St. Moritz is not a city of constant movement, but of rhythm — defined by seasons, tradition, and presence. It represents a slower, more intentional form of luxury, where time, landscape, and social ritual shape the experience. The specific quality of the St. Moritz programme — its daily repetition, its geographic containment, and the shared commitment of its participants to the same seasonal return — produces a form of social intimacy that the event-based luxury calendar cannot manufacture. The relationships formed across the shared Corviglia terrace lunch and the hotel dinner programme over multiple consecutive seasons acquire a depth and continuity that business-context relationships take significantly longer to produce.

St. Moritz Dorf
Social life and heritage hotels — the village centre whose via Serlas and via Maistra concentration of jewellery houses, luxury retail, and the hotel entrances of Badrutt’s Palace and the Kulm define the most compressed single luxury retail and hospitality corridor in any European mountain resort. The funicular station, the Lake St. Moritz shoreline promenade, and the Hauser’s café constitute the daily circulation infrastructure of the social season’s public component.
Engadin
Natural beauty and wellness — the valley’s 1,800-metre elevation producing the light clarity that Segantini documented and that the Engadin’s 300 annual days of sunshine maintain at a consistency not available at lower Alpine elevations.
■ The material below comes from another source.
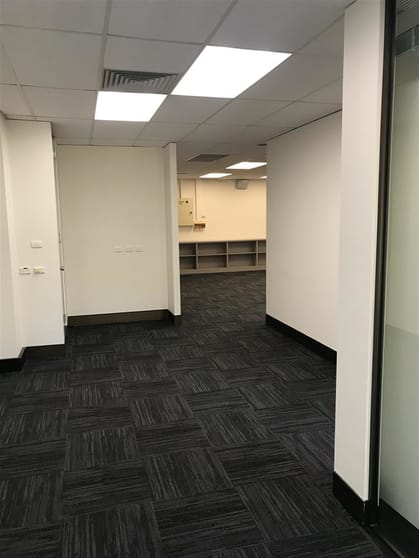 Click to view all images 9/173 Davy Street Booragoon WA 6154 - Image 2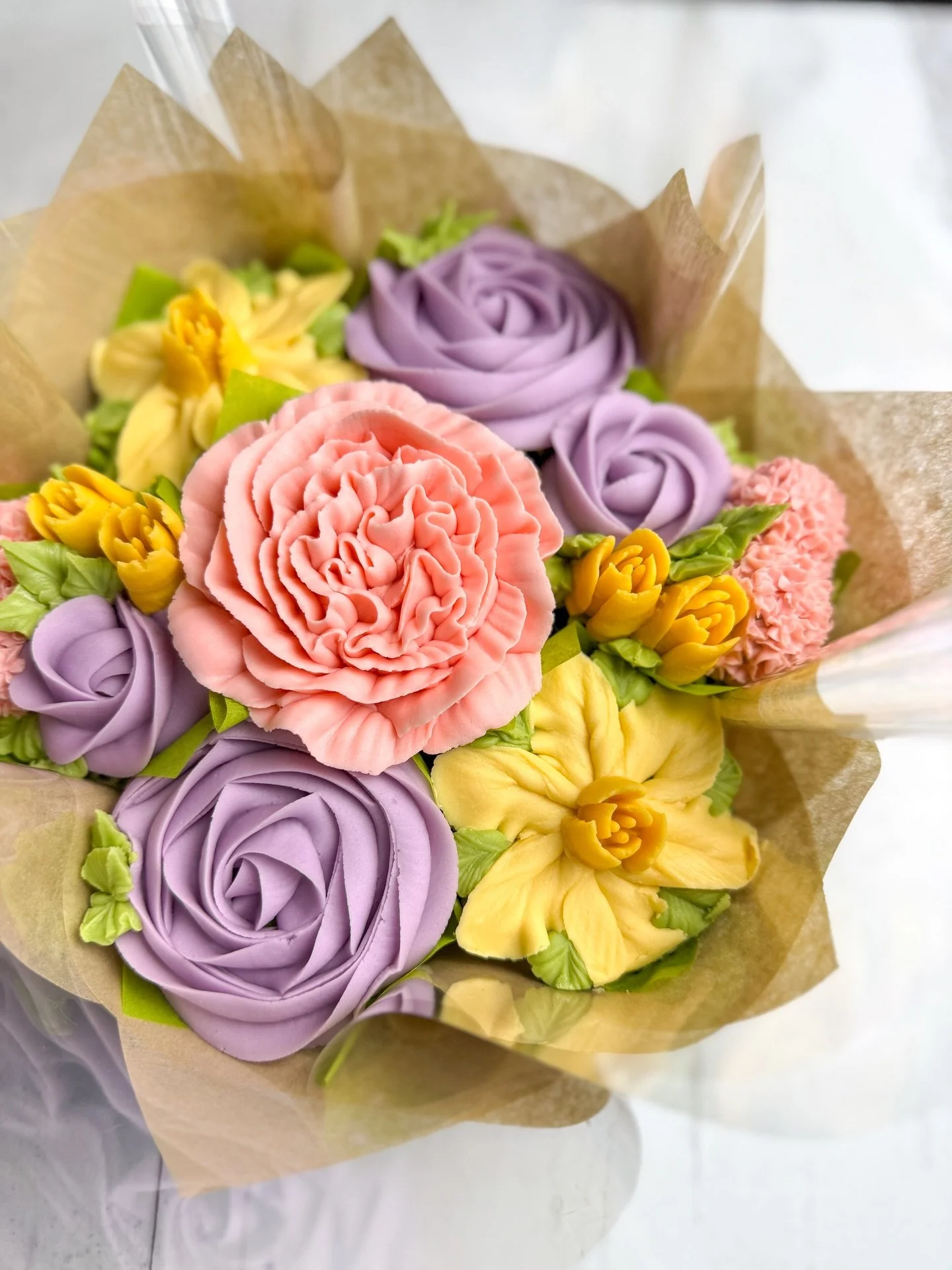 Buttercream flowers, cupcake by cupcake. 🌸

This bouquet features hand-piped carnations, roses, and daffodils made entirely from buttercream.

Follow along if you love edible art and want to learn how these flowers are made!

#cupcakebouquet
#butter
The frozen lake cross-country network, the Engadin ski marathon (March) across 42 kilometres of valley floor, and the natural thermal baths at nearby Scuol constitute a physical programme whose breadth makes the valley liveable for a visitor population not uniformly committed to alpine skiing.
Suvretta
Privacy and residential exclusivity — the Suvretta area west of the town centre whose chalet stock, the Suvretta House hotel’s self-contained social programme, and the Suvretta ski area’s relative freedom from the Corviglia crowd constitute the resort’s most genuinely private quarter. The Suvretta House’s guest community — whose composition tends toward the established Swiss, German, and British family networks rather than the more internationally mixed Badrutt’s population — defines the most consistently discreet social environment within the resort.